_Task goal_
A picture-free, exact copy of all the records below is the goal.
START Extracted data
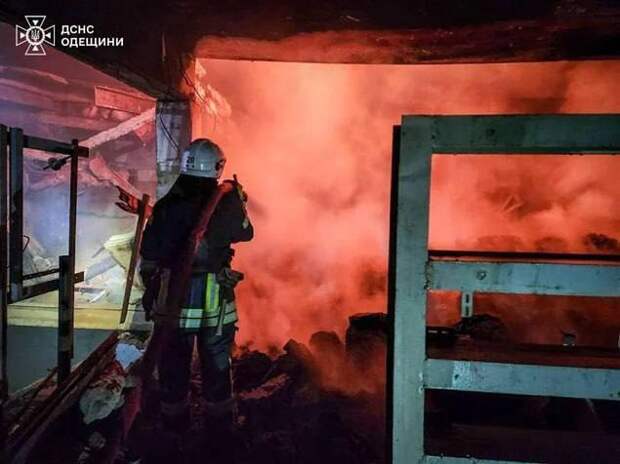 ‼️🇺🇦💥 Ночью "Герани" били по объектам в Харьковской, Одесской и Сумской областях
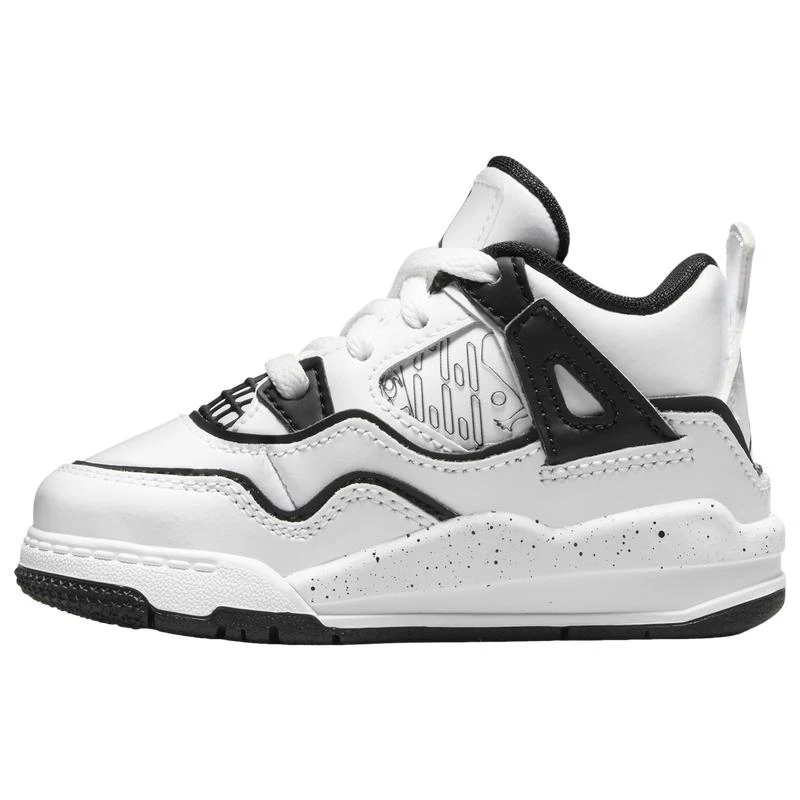 商品Jordan|Jordan Retro 4 - Boys' Toddler,价格¥489,第2张图片详细描述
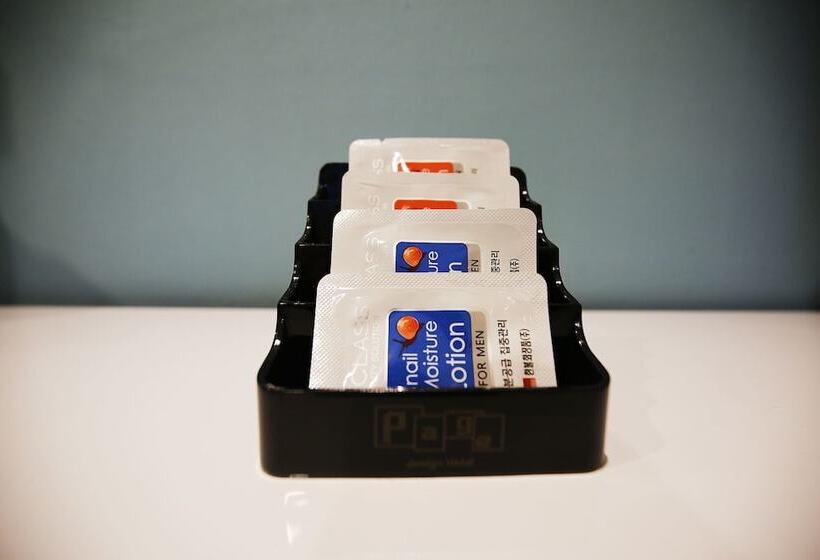 مُتل Daejeon Sintanjin Page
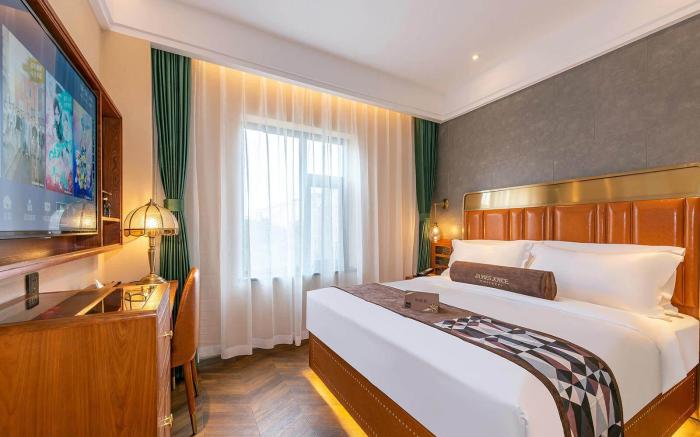 James Joyce Coffetel Beijing Huilongguan Jishuitan Hospital Longze Metro Station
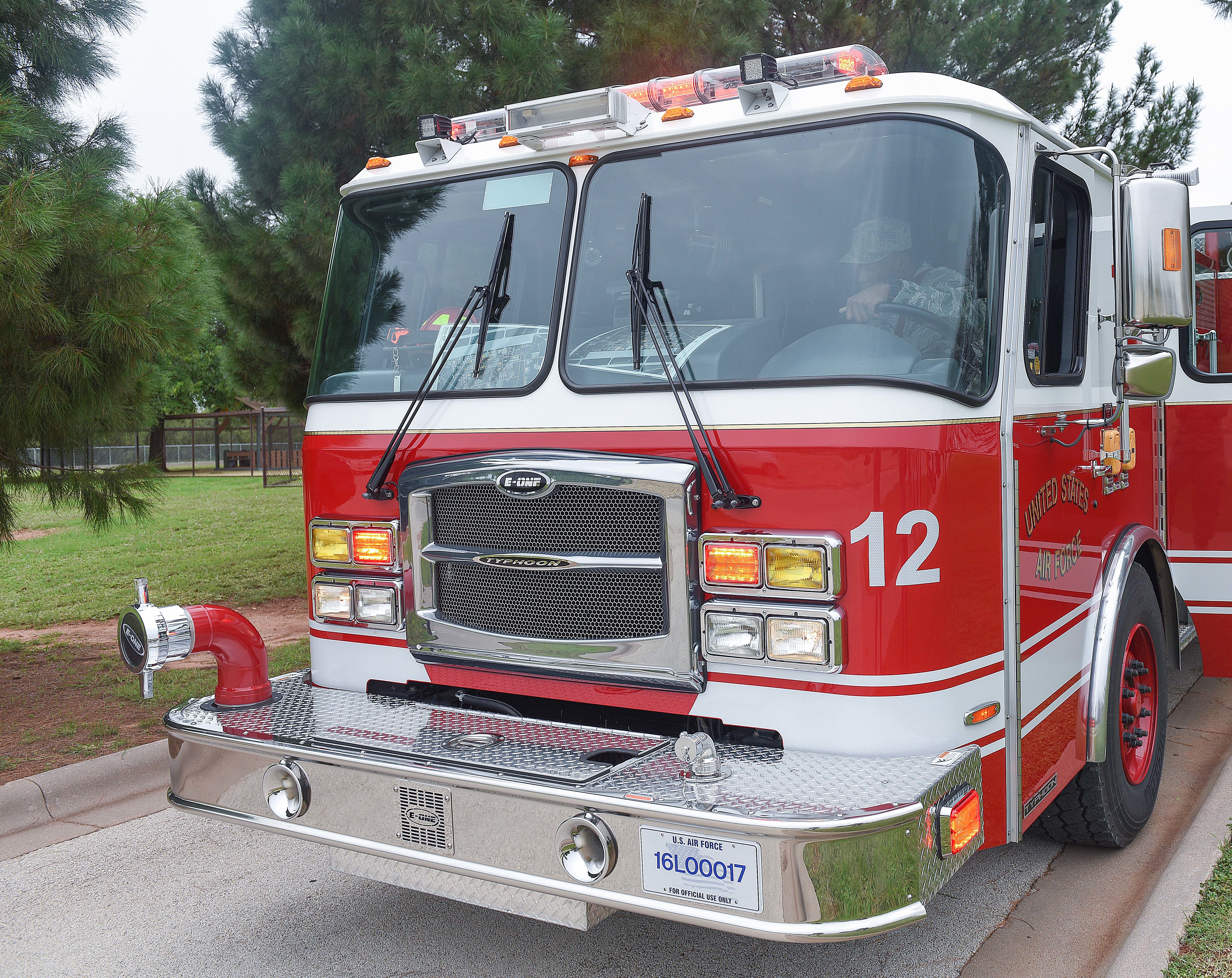 Fire Prevention Week highlights fire safety > Dyess Air Force Base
END Extracted data
_Expected answer_
 ‼️🇺🇦💥 Ночью "Герани" били по объектам в Харьковской, Одесской и Сумской областях
 商品Jordan|Jordan Retro 4 - Boys' Toddler,价格¥489,第2张图片详细描述
 مُتل Daejeon Sintanjin Page
 James Joyce Coffetel Beijing Huilongguan Jishuitan Hospital Longze Metro Station
 Fire Prevention Week highlights fire safety > Dyess Air Force Base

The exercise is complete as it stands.